In her latest book, Appetites, Farquhar explores contemporary Chinese
attitudes toward food and sex, and how those attitudes are linked to Chinese history.
"Chinese citizens who lived through the famine of the late 1950s and the
rigors of the cultural revolution period, from 1966 to 1976, are very articulate
on the historical meanings of food in particular," Farquhar says. "It
is easy to elicit — or overhear — middle-aged and elderly people's talk about all
the historical reasons why food should not be wasted, and they are also happy
to explain how various food habits reflect the inequalities of the present and
the past."
Everyday life in China is still inhabited by the nation's Maoist past, Farquhar
explains. She argues that the mundane practices and habits of Chinese who lived
through 30 years of socialist construction under Mao Zedong — 1949 to 1978 — did
show and still show evidence of Maoist projects and achievements.

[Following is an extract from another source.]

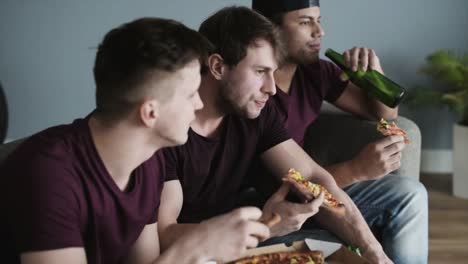 Jungs,-die-Pizza-und-Bier-beim-sportlichen-Wettkampf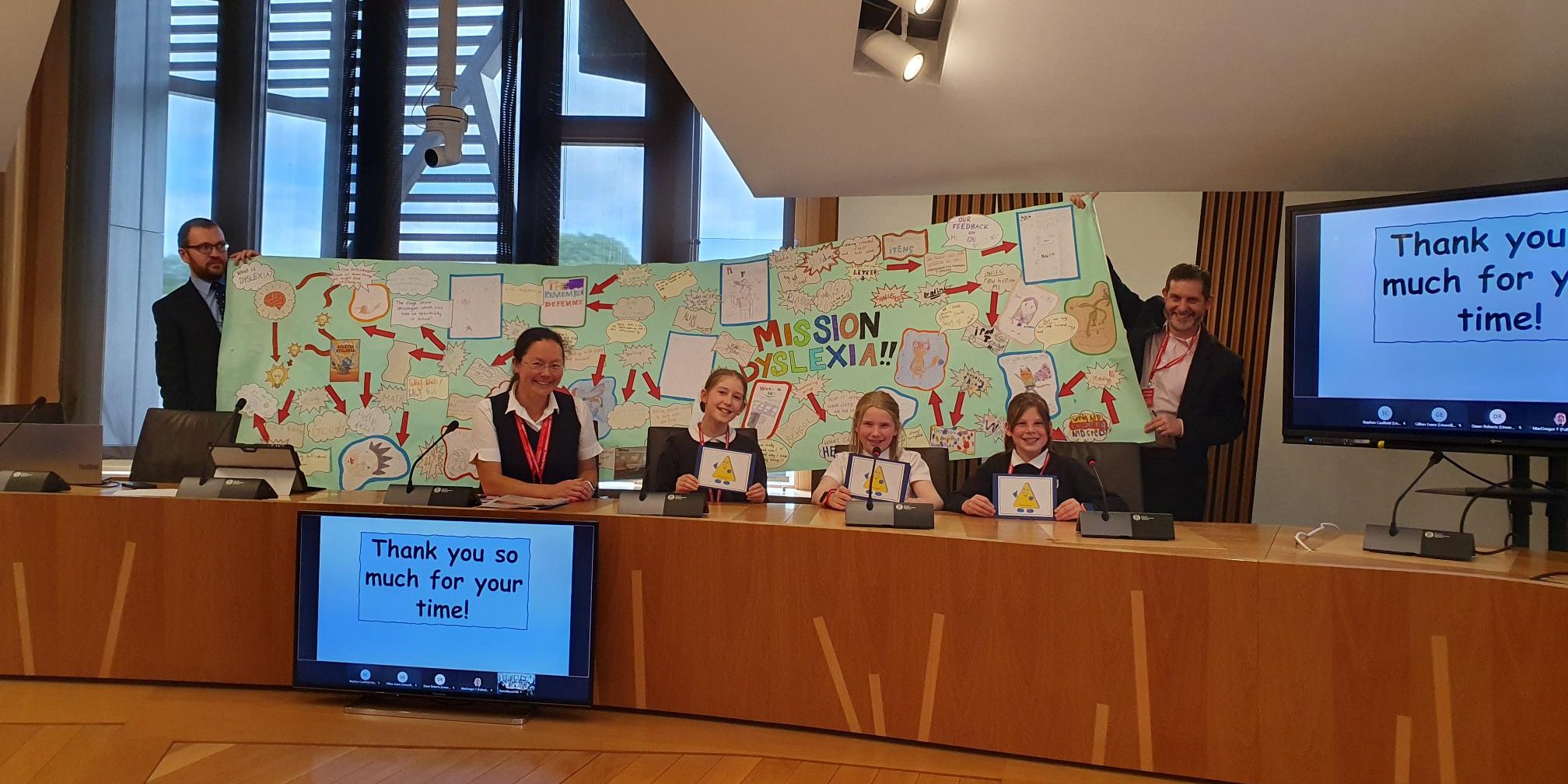 Young people and their teacher delivering a presentation in a committee room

After 1978, when Deng Xiaoping's rise to power brought reform, China's economy
became increasingly privatized and adventurous. Farquhar says Chinese fiction
of the period began to make almost a fetish of the concrete and mundane after
decades of Maoist abstraction. In Appetites Farquhar examines The
Gourmet, a novella written by Lu Wenfu in 1984 about a gluttonous, wealthy
landlord named Zhu Ziye, who was "unwilling to lift a finger because he witlessly
preferred to concentrate all his efforts on that stomach of his." Ziye's
wife refers to him in the novella as "a gilded chamberpot." He does
no work and is good for nothing but eating, which gets him "only the private
ephemera of bodily pleasure," Farquhar says. Worse, he has no perception
of, or concern for, the exploitation inherent in his love of eating.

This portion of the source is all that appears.